ORLANDO, Fla. – Ten years after Caylee Anthony vanished from her grandparents’ home, the former Orange County meter reader who found the toddler’s body wants the child’s mother to be put on trial again in Orlando, this time in civil court.
Roy Kronk sued Casey Anthony for defamation in 2011, five months after a jury acquitted Anthony of murdering her daughter.
In his lawsuit, Kronk claims Anthony instructed her lawyers to make false and defamatory statements that implicated the meter reader in the toddler’s death.
When Anthony filed for bankruptcy in 2013, Kronk’s lawsuit in Orange County Circuit Court was put on hold while a federal judge in Tampa decided whether to discharge Anthony’s debts.
As part of her bankruptcy proceedings, Anthony has filed a motion for summary judgment asking the judge to dismiss Kronk’s lawsuit. In it, Anthony argues that her attorneys’ comments were not defamatory.
On Monday, Kronk’s attorney asked the federal bankruptcy judge to abstain from determining whether defamation occurred. Instead, Kronk believes that an Orlando jury, either in federal district court or state court, should be allowed to hear evidence in the civil litigation.
“There are disputed issues of fact that preclude summary judgment on the defamation issues, and because those issues cannot be tried by the Bankruptcy Court… (Kronk) should be allowed to return to the Orlando state court to obtain a single adjudication of all issues by jury trial, especially now that there are no remaining countervailing bankruptcy issues that would weigh against abstention,” wrote Kronk’s attorney, Howard Marks.
The bankruptcy judge did not immediately rule on Kronk’s request.
Earlier this year, an Orange County Circuit Court judge awarded Kronk a $250,000 judgment against Leonard Padilla, the cowboy hat-wearing California bounty hunter who became a TV celebrity after posting Anthony’s bond following her 2008 arrest.
Kronk claimed Padilla made numerous defamatory statements about him while appearing on several cable talk shows.

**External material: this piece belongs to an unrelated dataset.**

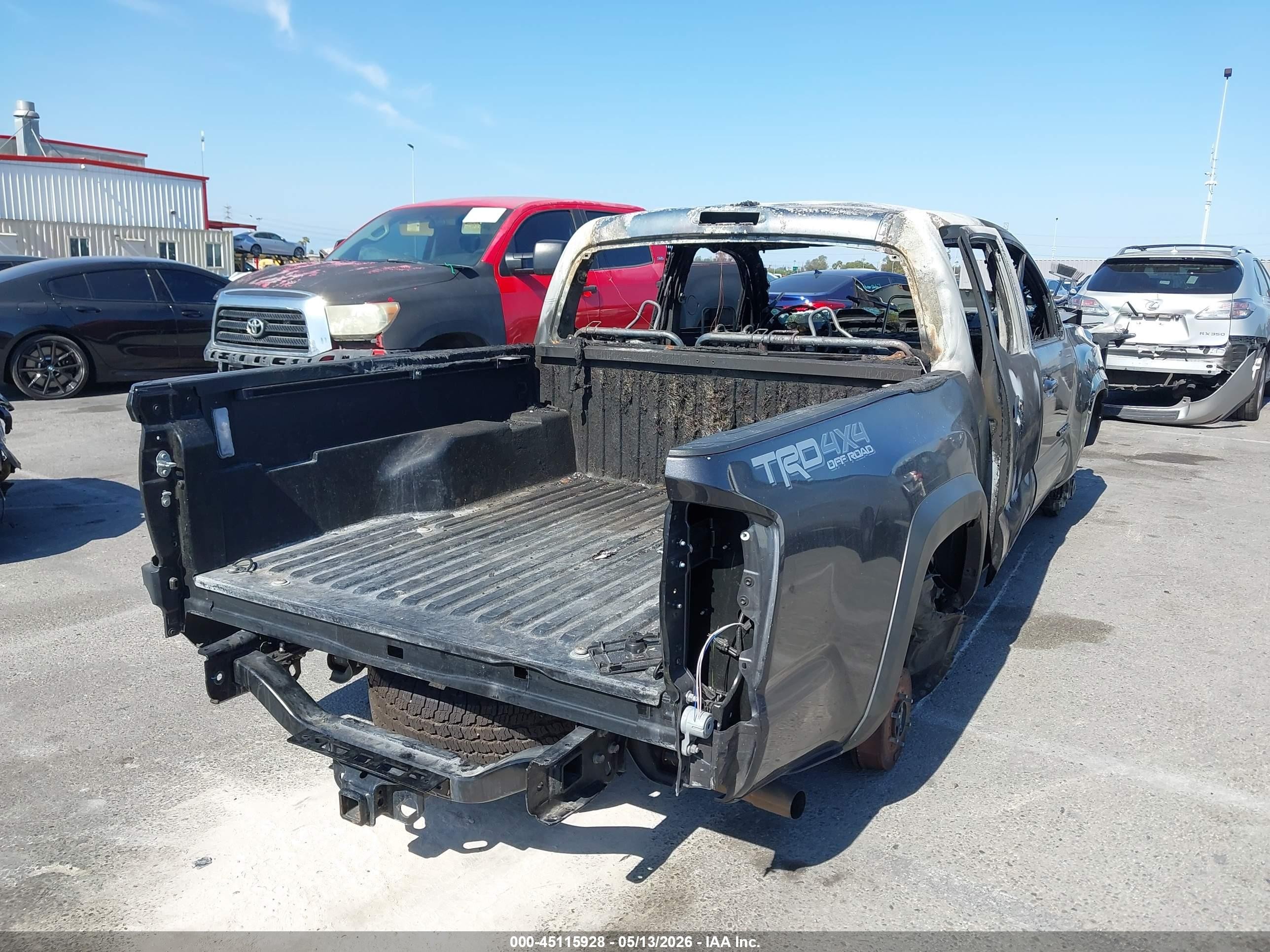 2023 Toyota Tacoma Trd Off Road Черный vin: 3TYCZ5AN3PT173159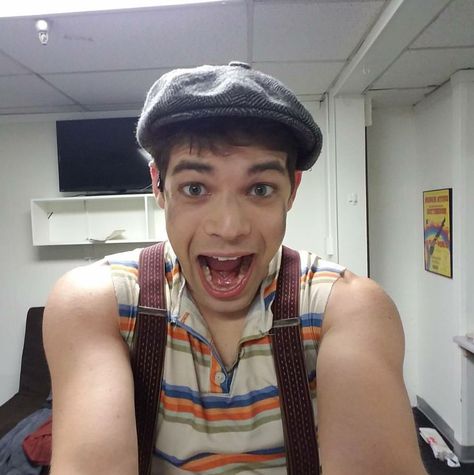 Jeremy Jordan Newsies September 11, 2016.  Pantages Jeremy Jordan, Jack Kelly, Bonnie N Clyde, Theatre Nerds, Theatre Life, Broadway Theatre, Music Theater, September 8, Newsies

The bounty hunter failed to appear at a deposition in the civil case more than three years ago, according to Kronk’s attorney, prompting the former meter reader to seek a judgment.
In 2015, a circuit court judge dismissed a defamation case Kronk filed against the publisher of The National Enquirer over a tabloid article titled “Meter Reader Killed Caylee.”
Also in 2015, the judge presiding over Anthony’s bankruptcy case dismissed a defamation lawsuit filed against Anthony by Zenaida Gonzalez.
Gonzalez claimed that Anthony tried to frame her for the child’s disappearance by claiming a babysitter with the same name had kidnapped the toddler.